TASK TO CARRY OUT —
Set down exactly the lines that run from the one containing "Nylon von BCOATH" to the end of the material below, both included, without pictures.

STORED DATA —
======

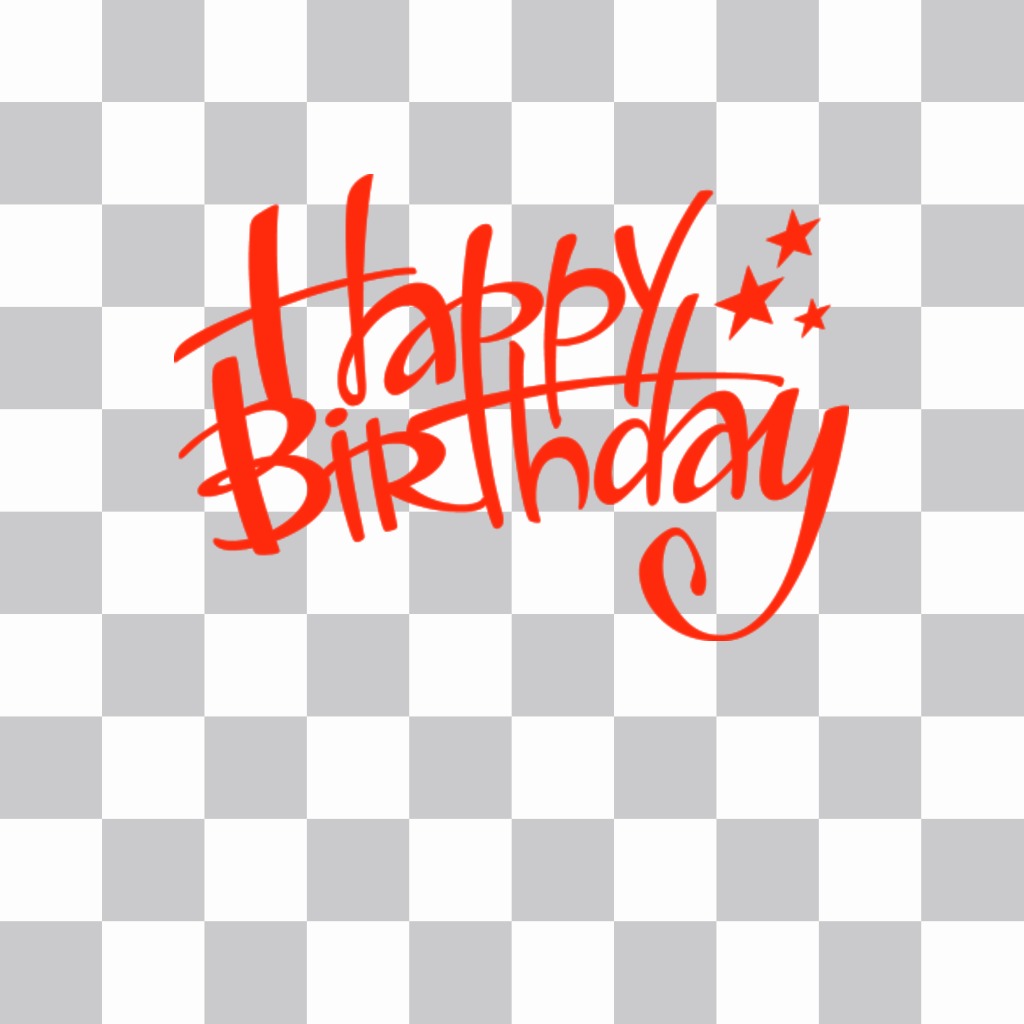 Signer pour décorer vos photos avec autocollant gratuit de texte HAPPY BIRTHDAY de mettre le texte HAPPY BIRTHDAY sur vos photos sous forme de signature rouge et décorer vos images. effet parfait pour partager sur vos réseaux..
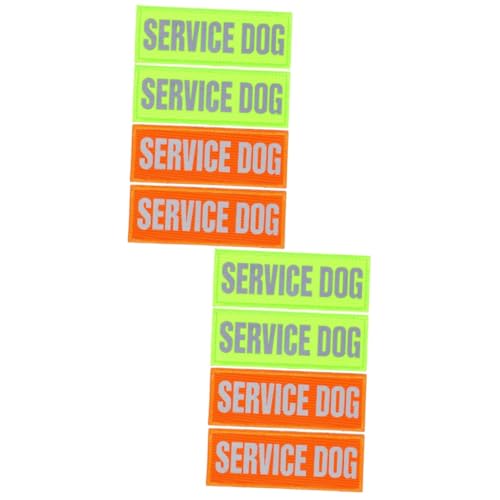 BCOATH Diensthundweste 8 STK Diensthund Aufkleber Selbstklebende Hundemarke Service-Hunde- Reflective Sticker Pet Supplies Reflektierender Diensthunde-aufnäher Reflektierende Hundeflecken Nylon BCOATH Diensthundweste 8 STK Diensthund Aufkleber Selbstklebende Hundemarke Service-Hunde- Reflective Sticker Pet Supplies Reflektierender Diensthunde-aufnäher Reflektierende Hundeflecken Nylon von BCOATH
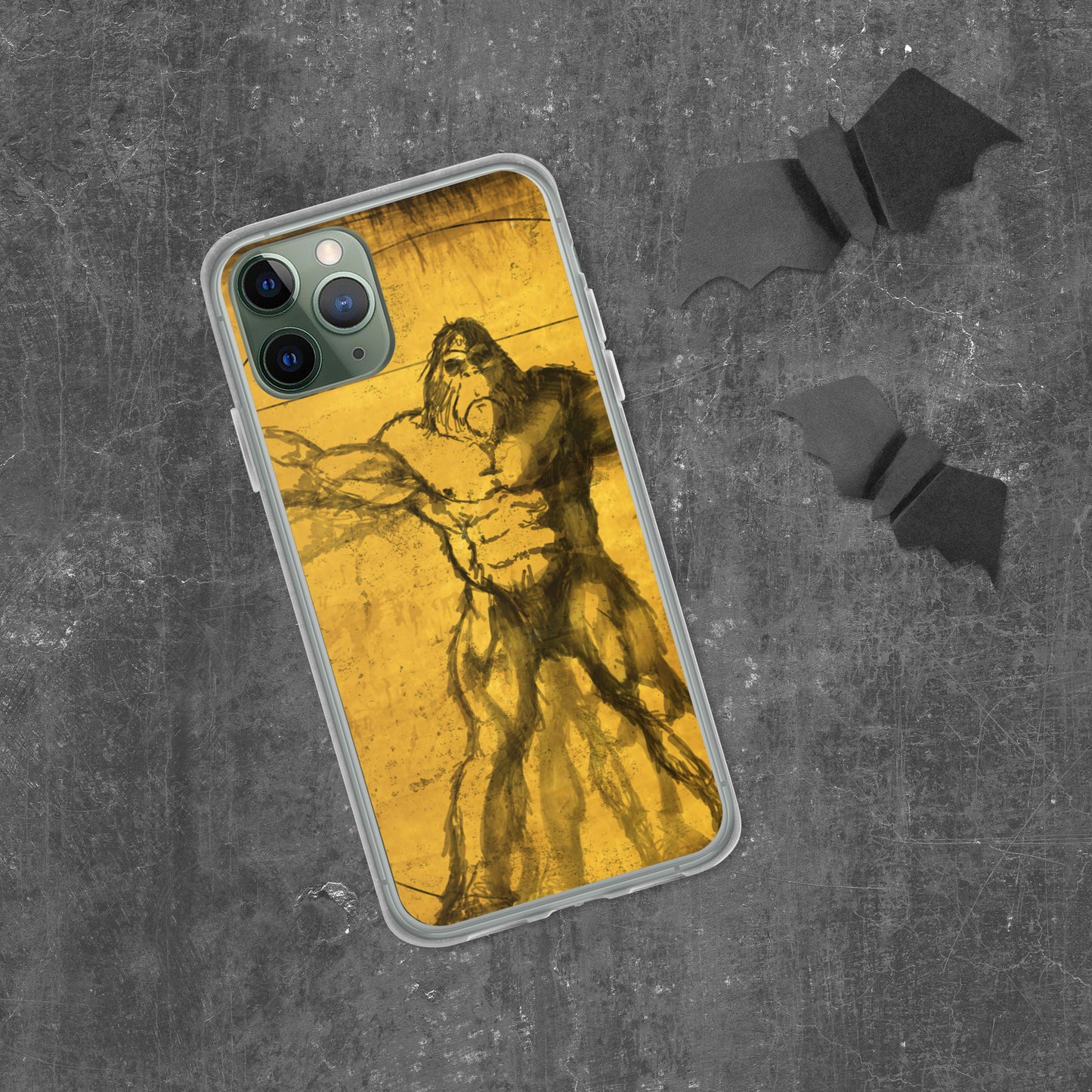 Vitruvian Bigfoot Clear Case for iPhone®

======

ANSWER TO THIS EXERCISE —
 BCOATH Diensthundweste 8 STK Diensthund Aufkleber Selbstklebende Hundemarke Service-Hunde- Reflective Sticker Pet Supplies Reflektierender Diensthunde-aufnäher Reflektierende Hundeflecken Nylon BCOATH Diensthundweste 8 STK Diensthund Aufkleber Selbstklebende Hundemarke Service-Hunde- Reflective Sticker Pet Supplies Reflektierender Diensthunde-aufnäher Reflektierende Hundeflecken Nylon von BCOATH
 Vitruvian Bigfoot Clear Case for iPhone®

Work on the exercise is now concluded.